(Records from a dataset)
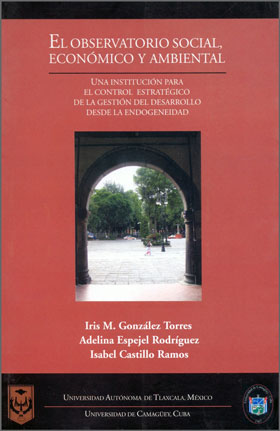 El Observatorio Social Económico y Ambiental. Una Institución para el Control Estratégico de la Gestión del Desarrollo desde la Endogeneidad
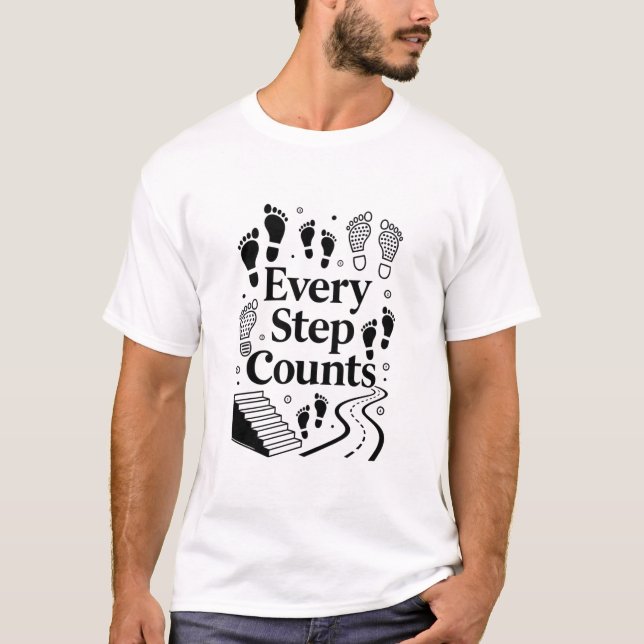 Every Step Counts – Progress and Consistency Motiv T Shirt (Framsida)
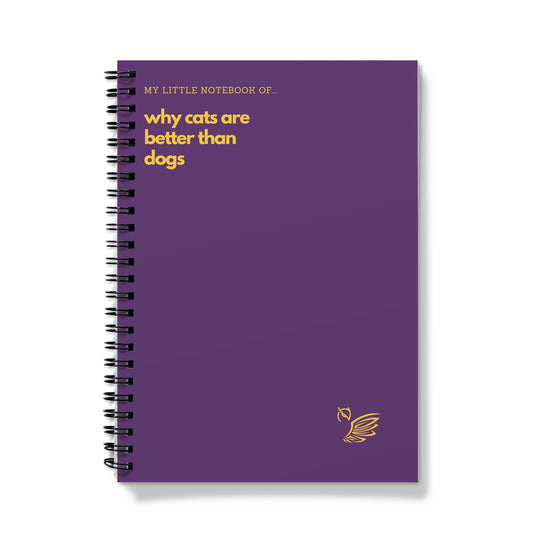 My Little Notebook Of... Why Cats Are Better Than Dogs Notebook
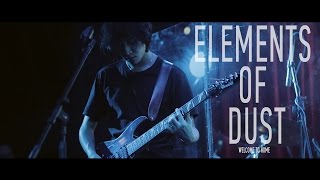 Elements Of Dust – Welcome to Home (Rock moroz live)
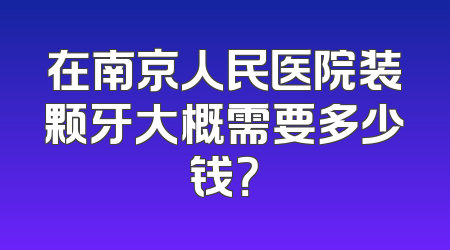在南京人民医院装颗牙大概需要多少钱？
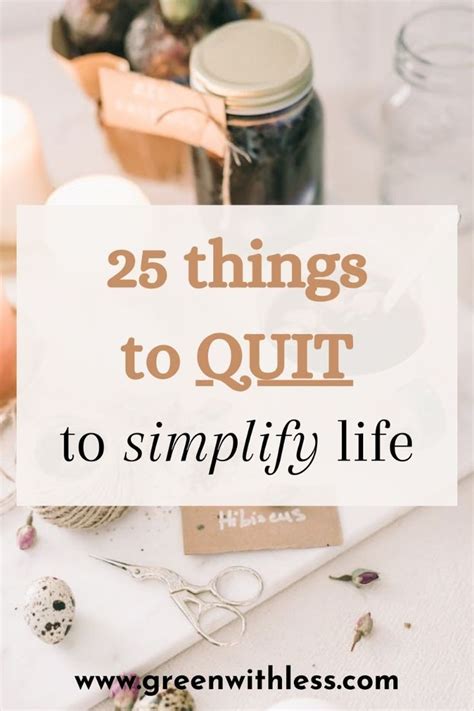 25 Things To Quit To Simplify Your Life Green With Less In 2024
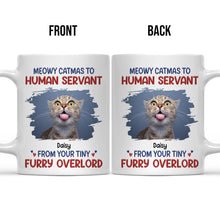 Meowy Catmas To Human Servant - Customized Personalized Mug - Christmas Gift For Pet Lovers, Cat Lovers, Dog Lovers
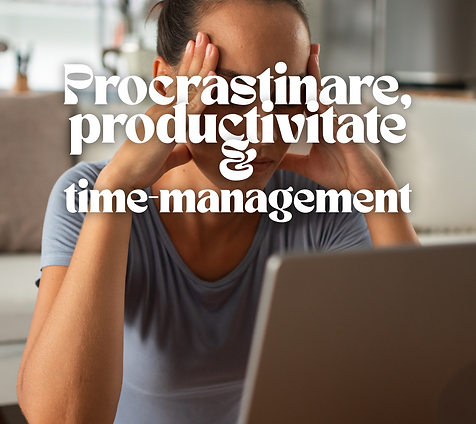 productivitate. procrastinare & time-management-2.png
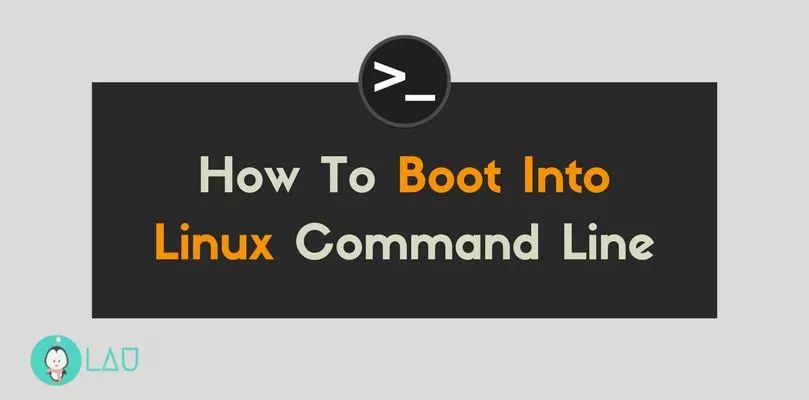 如何直接启动进入 Linux 命令行？详细教程在这里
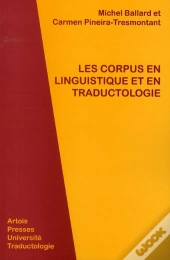 Les Corpus En Linguistique Et En Traductologie
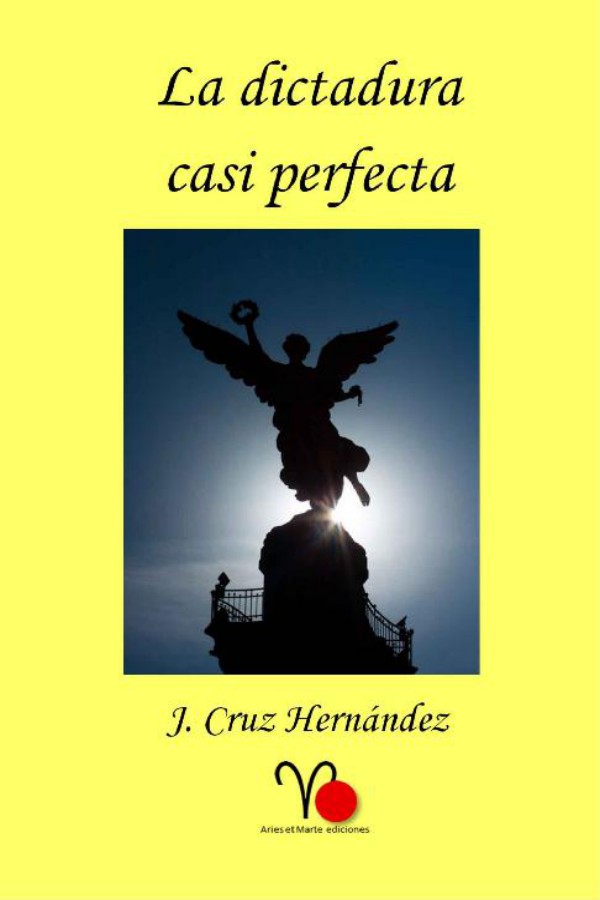 La dictadura casi perfecta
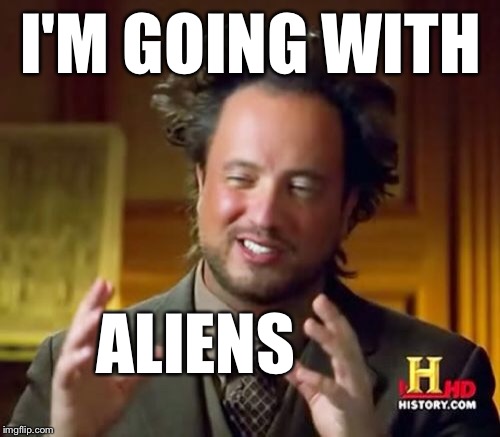 Ancient Aliens Meme | I'M GOING WITH ALIENS | image tagged in memes,ancient aliens | made w/ Imgflip meme maker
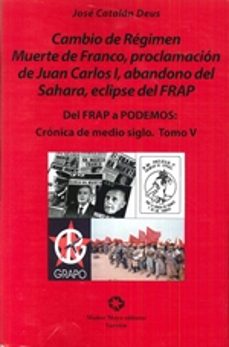 del frap a podemos v: cambio de regimen muerte de franco-9788480102971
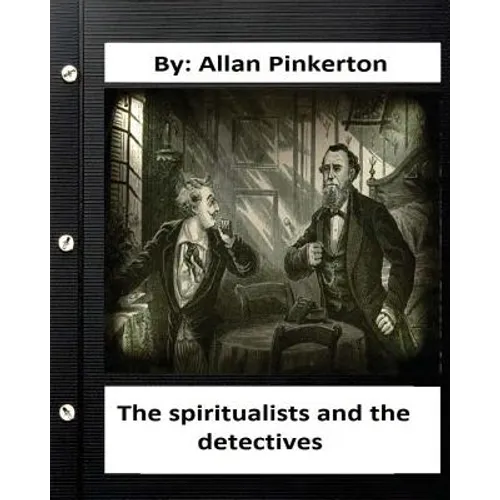 The spiritualists and the detectives.By: Allan Pinkerton (Original Version)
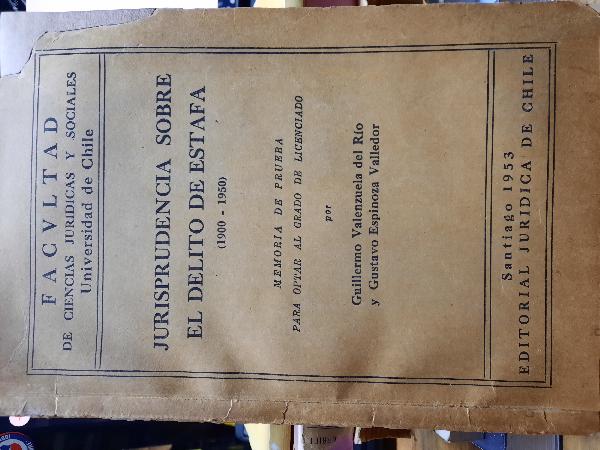 Jurisprudencia sobre el Delito de Estafa 1900 1950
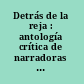 Detrás de la reja : antología crítica de narradoras latinoamericanas del siglo XX /
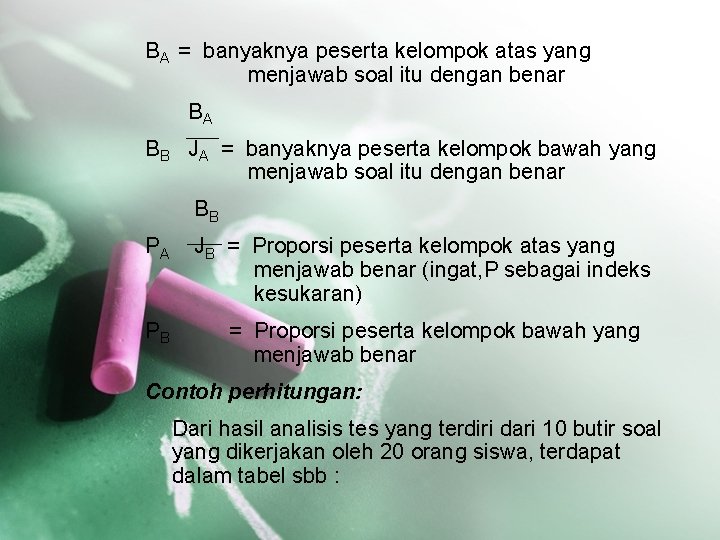 BA = banyaknya peserta kelompok atas yang menjawab soal itu dengan benar BA BB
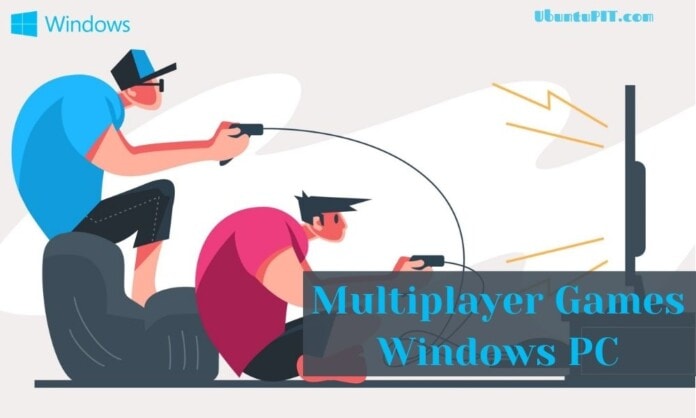 Best Multiplayer Games for Windows PC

What the task requires: Transcribe exactly the lines running from the line with "productivitate. procrastinare &" to the last line of the entries. Pictures stay out of the copy.

Problem solution:
 productivitate. procrastinare & time-management-2.png
 如何直接启动进入 Linux 命令行？详细教程在这里
 Les Corpus En Linguistique Et En Traductologie
 La dictadura casi perfecta
 Ancient Aliens Meme | I'M GOING WITH ALIENS | image tagged in memes,ancient aliens | made w/ Imgflip meme maker
 del frap a podemos v: cambio de regimen muerte de franco-9788480102971
 The spiritualists and the detectives.By: Allan Pinkerton (Original Version)
 Jurisprudencia sobre el Delito de Estafa 1900 1950
 Detrás de la reja : antología crítica de narradoras latinoamericanas del siglo XX /
 BA = banyaknya peserta kelompok atas yang menjawab soal itu dengan benar BA BB
 Best Multiplayer Games for Windows PC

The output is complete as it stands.